|Full name||Mark Alan Ealham|
|Born||27 August 1969|
|Nickname||Ealy, Border, Skater|
|Height||5 ft 10 in (1.78 m)|
|Bowling||Right arm medium-fast|
|Relations||Alan Ealham (father)|
Simon Willis (brother-in-law)
|Test debut (cap 580)||4 July 1996 v India|
|Last Test||21 June 1998 v South Africa|
|ODI debut (cap 136)||23 May 1996 v India|
|Last ODI||12 June 2001 v Pakistan|
|Domestic team information|
Source: CricInfo, 14 October 2009
Mark Alan Ealham (born 27 August 1969) is a former English cricketer, who played Test and One Day Internationals. He played domestic cricket for Kent County Cricket Club and Nottinghamshire County Cricket Club as an all-rounder.

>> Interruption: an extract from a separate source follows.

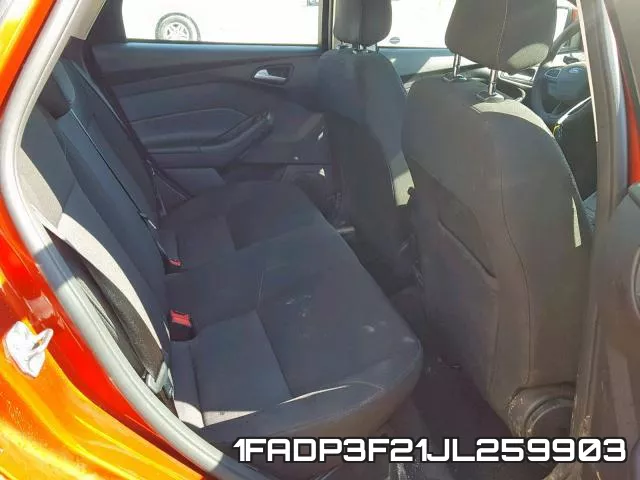 1FADP3F21JL259903 фото 7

He retired in September 2009, after 20 seasons in domestic cricket, to take charge of cricket at King's School, Canterbury. During his time at King's, he coached several Kent academy players including Ollie Robinson.
Ealham was born in Willesborough in Kent and began his career with Kent County Cricket Club. His father, Alan Ealham, had spent his entire career with Kent. He made his first-class and list A cricket debuts for Kent in 1989.

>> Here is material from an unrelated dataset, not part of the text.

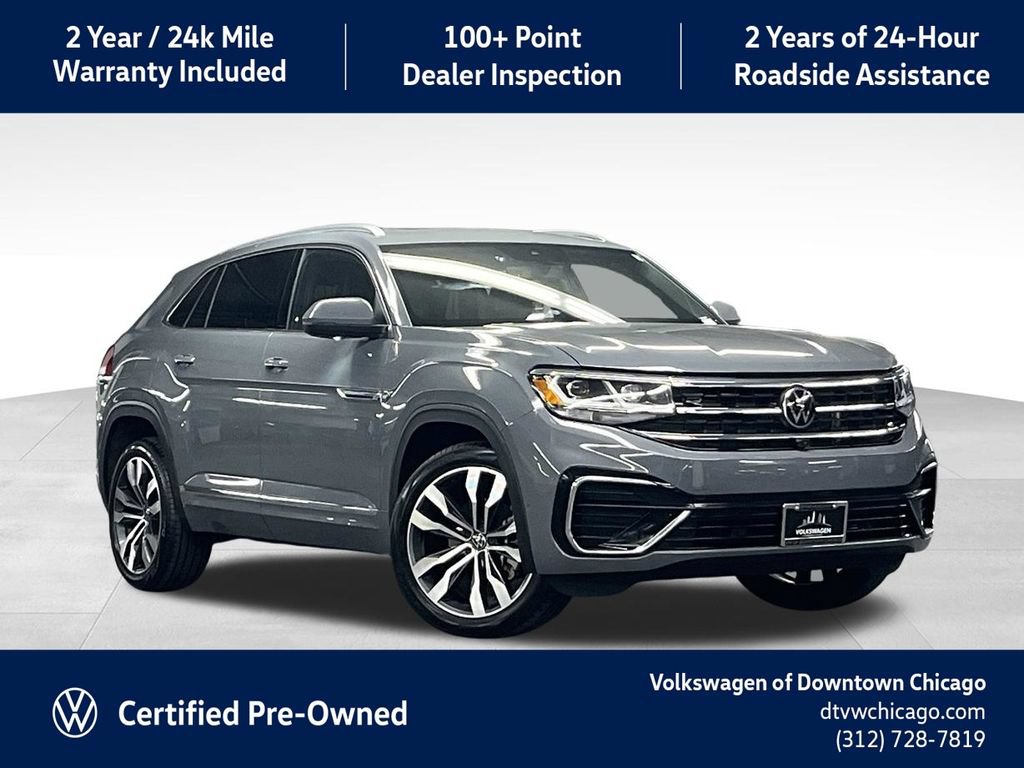 Used 2023 Volkswagen Atlas Cross Sport SEL Premium R-Line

Despite his promising Test debut, Ealham was always regarded as a limited-overs specialist. This belief is mainly due to his free-swinging batting style – during a Twenty20 Cup match in 2005 against Durham he scored 45 off 17 balls including 34 runs in a single over.

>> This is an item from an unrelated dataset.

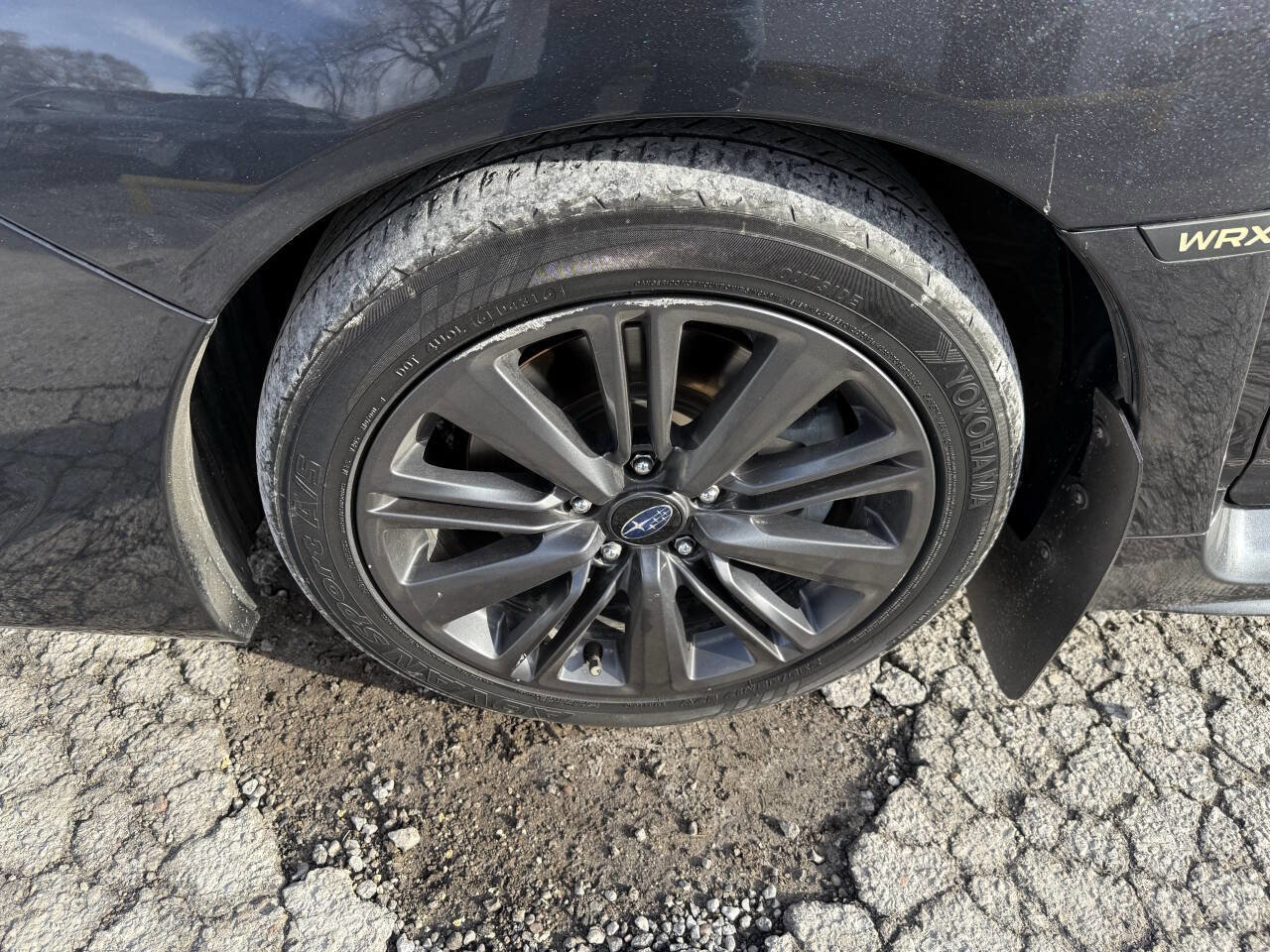 Used 2015 Subaru WRX Limited image 9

Ealham left Kent before the 2003 season and signed a three-year contract with Nottinghamshire, with whom he won the 2005 County Championship. Ealham took 56 wickets in 15 Championship matches that season, the most by a Nottinghamshire bowler and the fifth-most in Division One – at an average of 20.80, the fourth-lowest in Division One among bowlers with more than 20 wickets.
Ealham was first called into the England team for the start of India's tour of England in 1996. His one-day debut came on 23 May in the first one-day international. Although no result was possible due to rain, Ealham impressed as he reached 40 runs. He made his Test debut in the third Test in July. Ealham once again impressed, he scored 51 runs in the first innings and took second-innings bowling figures of 4/21, which he never surpassed at Test level.
His greatest performance as a player, however, came in January 2000 when England played Zimbabwe in the fifth match of a triangular tournament held in South Africa. Ealham took five wickets for only 15 runs. At the time this was the best bowling performance by an Englishman in a one-day international match ever. Even more remarkable is that all five wickets were LBWs. This is still a record in one-day international cricket.